»Für die Kinder ist es am schlimmsten«

Veröffentlicht auf von Acher-Rench-Zeitung

Geringverdiener sind nicht arbeitslos, können von ihrem Job aber nicht leben / Eine Betroffene erzählt

 

Sylvia Koch (Name von der Redaktion geändert) hat einen Job, sie taucht in keiner Arbeitslosenstatistik auf. Trotzdem muss sie Hartz IV beziehen, weil ihr Verdienst nicht zum Leben reicht. Im Interview mit der Acher-Rench-Zeitung verrät die 35-jährige Achenerin, was ein Leben als »Aufstockerin« bedeutet

Frau Koch, wieso beziehen Sie staatliche Unterstützung, obwohl Sie einer sozialversicherungspflichtigen Arbeit nachgehen?
Sylvia Koch: Als allein erziehende Mutter arbeite ich im Einzelhandel 20 Stunden pro Woche und verdiene damit knapp 800 Euro netto. Das ist in meiner Branche so.
Wie hoch ist der Zuschuss, den Sie erhalten?
Koch: 325 Euro steuert die Kommunale Arbeitsförderung bei, von denen 145 Euro direkt an die Tagesmutter gehen, die zwei Tage pro Woche meinen siebenjährigen Sohn betreut.

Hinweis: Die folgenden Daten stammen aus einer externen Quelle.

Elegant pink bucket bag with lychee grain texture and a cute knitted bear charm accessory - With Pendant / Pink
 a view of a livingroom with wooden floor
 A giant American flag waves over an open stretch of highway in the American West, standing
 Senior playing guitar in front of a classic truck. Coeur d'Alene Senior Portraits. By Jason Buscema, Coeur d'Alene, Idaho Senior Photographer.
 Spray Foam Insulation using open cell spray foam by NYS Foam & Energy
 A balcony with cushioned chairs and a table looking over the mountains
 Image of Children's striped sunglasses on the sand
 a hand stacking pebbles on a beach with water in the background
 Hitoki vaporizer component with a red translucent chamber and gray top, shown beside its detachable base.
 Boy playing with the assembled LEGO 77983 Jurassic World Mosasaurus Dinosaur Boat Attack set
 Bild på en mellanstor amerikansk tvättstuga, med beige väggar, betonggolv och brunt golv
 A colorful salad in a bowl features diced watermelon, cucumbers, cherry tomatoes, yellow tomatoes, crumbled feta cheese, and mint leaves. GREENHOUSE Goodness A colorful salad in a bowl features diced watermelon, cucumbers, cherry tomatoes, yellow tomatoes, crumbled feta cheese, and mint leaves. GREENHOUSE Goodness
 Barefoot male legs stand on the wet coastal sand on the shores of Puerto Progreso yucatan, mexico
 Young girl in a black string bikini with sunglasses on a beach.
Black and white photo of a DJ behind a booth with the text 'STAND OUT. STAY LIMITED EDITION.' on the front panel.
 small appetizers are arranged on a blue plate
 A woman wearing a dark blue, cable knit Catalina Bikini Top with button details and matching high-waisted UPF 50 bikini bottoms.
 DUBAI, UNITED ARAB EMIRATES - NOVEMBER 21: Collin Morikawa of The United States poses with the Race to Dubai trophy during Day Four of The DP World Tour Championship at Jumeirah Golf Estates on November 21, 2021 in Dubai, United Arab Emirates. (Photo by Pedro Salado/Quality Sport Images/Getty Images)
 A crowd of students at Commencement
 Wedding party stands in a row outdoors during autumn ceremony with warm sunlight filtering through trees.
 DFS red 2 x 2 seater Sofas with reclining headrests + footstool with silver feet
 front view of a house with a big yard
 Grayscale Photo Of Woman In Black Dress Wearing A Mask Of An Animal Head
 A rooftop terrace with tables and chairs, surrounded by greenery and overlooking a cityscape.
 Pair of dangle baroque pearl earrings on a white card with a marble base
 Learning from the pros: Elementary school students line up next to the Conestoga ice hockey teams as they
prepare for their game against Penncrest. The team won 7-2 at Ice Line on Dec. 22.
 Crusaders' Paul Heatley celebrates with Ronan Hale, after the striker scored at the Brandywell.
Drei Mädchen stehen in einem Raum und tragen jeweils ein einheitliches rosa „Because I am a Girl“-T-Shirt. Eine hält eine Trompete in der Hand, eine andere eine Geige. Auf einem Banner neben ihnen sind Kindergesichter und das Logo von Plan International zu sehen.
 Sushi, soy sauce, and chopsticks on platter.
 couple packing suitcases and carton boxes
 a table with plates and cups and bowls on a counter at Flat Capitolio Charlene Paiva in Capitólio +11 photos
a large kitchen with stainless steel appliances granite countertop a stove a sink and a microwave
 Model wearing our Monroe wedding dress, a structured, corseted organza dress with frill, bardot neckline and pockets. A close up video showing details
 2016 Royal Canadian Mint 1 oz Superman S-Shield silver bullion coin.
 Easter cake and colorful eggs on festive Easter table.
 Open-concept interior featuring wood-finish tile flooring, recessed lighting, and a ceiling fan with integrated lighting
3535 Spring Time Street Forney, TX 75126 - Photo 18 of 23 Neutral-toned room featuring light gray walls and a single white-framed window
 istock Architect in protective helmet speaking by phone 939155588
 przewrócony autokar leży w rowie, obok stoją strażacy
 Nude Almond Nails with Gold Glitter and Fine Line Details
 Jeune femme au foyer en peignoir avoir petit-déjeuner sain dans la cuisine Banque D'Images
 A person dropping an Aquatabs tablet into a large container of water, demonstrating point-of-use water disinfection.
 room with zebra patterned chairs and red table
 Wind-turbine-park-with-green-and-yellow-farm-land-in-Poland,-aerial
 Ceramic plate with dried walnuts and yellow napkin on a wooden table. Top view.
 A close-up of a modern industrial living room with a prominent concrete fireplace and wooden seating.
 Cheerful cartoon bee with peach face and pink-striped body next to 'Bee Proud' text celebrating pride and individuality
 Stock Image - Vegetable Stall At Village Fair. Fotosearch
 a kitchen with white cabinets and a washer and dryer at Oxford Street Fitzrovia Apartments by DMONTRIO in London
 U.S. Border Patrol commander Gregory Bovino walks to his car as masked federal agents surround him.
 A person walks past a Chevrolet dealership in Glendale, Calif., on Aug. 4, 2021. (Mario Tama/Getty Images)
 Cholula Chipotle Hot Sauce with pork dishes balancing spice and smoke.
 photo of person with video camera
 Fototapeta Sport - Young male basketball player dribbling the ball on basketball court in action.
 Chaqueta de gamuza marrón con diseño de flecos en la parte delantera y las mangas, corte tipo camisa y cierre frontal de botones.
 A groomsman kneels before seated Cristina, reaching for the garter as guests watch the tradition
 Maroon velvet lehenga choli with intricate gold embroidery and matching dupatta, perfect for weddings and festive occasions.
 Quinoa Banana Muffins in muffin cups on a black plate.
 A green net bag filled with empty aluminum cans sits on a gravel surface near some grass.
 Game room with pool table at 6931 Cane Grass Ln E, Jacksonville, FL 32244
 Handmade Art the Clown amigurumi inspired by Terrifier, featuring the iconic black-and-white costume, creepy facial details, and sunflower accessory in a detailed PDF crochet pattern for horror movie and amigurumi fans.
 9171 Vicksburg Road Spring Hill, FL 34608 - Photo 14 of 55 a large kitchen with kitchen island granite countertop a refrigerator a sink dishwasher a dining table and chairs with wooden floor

Ich würde gerne mehr arbeiten, aber die Kinderbetreuung würde den Mehrverdienst sofort wieder verschlingen.
Haben Sie Ihren Chef schon mal auf eine Gehaltserhöhung angesprochen?
Koch: In unserer Branche schlägt der Aufschwung momentan noch nicht voll durch. Die Alternative wäre, noch zusätzlich auf 400-Euro-Basis zu arbeiten, aber das schaffe ich zeitlich nicht. Schon jetzt habe ich ein schlechtes Gewissen, wenn ich arbeiten gehe und nicht bei meinem Sohn bin.
Wie sind Sie in diese Situation geraten?
Koch: Zwischen 2003 und 2007 war ich in Elternzeit. Ich musste mich besonders um meinen Sohn kümmern, da er unter einer Behinderung leidet. Danach hatte ich zwar ein Anrecht auf Wiedereinstellung, aber nicht auf Teilzeit – und genau das hätte ich gebraucht. Also habe ich zunächst auf 400-Euro-Basis gearbeitet und später, als ich eine Tagesmutter für meinen Sohn gefunden hatte, auf 20 Stunden pro Woche aufgestockt. Mehr geht zeitlich einfach nicht.
Inwiefern stellt Ihr geringes Einkommen ein Problem im Alltag dar?
Koch: Für die Kinder ist es natürlich am schlimmsten. Ich will nicht, dass mein Sohn auf den Sportverein verzichten muss, also spare ich bei mir selbst. Zum Beispiel habe ich keinen Computer, kaufe mir nur selten neue Kleidung und war seit acht Jahren nicht mehr im Urlaub. Ansonsten steuern die Oma und die Patentante schon mal was bei, wenn es in den Zoo oder ins Theater gehen soll.
Wie reagiert Ihr Umfeld, wenn Sie von Ihrer Situation erzählen?
Koch: Viele sind schockiert, wenn sie hören, dass ich Hartz IV beziehe. Das ist immer noch total stigmatisiert. Die denken, Hartz IV bekämen doch nur diejenigen, die ihre Ausbildung abgebrochen haben und nicht arbeiten wollen.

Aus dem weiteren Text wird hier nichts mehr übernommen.